TASK REQUIREMENTS:
Scan the entries for the word "Case" and return every line that has it.
● ● ● ● ●
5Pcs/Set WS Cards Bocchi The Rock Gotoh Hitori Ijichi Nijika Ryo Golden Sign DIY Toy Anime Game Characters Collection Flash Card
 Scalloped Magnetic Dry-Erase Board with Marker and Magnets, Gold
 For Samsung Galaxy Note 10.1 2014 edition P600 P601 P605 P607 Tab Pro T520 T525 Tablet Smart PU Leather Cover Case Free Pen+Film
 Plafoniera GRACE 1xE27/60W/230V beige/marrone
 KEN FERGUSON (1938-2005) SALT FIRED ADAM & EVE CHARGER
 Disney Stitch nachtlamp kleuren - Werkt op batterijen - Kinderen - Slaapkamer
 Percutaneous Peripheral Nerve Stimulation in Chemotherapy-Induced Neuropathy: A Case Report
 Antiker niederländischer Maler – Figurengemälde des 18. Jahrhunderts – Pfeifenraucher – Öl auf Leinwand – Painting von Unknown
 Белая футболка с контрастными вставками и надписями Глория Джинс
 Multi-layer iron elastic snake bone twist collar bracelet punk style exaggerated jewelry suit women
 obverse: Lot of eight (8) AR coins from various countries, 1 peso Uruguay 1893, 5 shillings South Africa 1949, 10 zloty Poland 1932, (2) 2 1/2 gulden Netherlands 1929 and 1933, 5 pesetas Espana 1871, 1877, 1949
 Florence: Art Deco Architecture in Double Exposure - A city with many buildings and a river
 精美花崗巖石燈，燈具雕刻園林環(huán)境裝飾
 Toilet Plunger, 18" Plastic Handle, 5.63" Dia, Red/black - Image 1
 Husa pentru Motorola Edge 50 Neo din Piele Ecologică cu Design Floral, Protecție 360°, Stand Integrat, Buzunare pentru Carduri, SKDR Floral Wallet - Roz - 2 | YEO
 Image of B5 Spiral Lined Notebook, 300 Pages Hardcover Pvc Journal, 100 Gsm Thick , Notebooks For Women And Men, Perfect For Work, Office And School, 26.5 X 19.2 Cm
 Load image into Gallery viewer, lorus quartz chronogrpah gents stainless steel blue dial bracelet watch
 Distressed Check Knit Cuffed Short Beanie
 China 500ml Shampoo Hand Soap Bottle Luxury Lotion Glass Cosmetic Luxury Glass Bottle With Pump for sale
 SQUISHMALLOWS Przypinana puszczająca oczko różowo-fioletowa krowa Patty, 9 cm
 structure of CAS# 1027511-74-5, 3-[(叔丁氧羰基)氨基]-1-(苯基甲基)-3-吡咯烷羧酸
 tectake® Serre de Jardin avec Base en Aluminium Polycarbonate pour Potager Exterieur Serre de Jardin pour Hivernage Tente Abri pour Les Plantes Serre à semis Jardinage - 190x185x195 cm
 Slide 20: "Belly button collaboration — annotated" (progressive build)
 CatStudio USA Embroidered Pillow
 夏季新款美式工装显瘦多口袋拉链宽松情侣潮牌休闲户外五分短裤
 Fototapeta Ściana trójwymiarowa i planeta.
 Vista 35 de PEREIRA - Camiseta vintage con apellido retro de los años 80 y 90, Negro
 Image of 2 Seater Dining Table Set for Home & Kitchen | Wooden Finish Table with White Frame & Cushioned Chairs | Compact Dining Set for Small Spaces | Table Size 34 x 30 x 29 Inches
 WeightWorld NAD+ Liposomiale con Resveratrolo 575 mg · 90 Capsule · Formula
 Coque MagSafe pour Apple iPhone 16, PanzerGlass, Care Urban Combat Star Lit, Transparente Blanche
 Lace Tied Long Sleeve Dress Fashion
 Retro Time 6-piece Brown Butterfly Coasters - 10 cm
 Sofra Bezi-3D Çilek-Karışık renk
● ● ● ● ●
ANSWER TO THIS PROBLEM:
 For Samsung Galaxy Note 10.1 2014 edition P600 P601 P605 P607 Tab Pro T520 T525 Tablet Smart PU Leather Cover Case Free Pen+Film
 Percutaneous Peripheral Nerve Stimulation in Chemotherapy-Induced Neuropathy: A Case Report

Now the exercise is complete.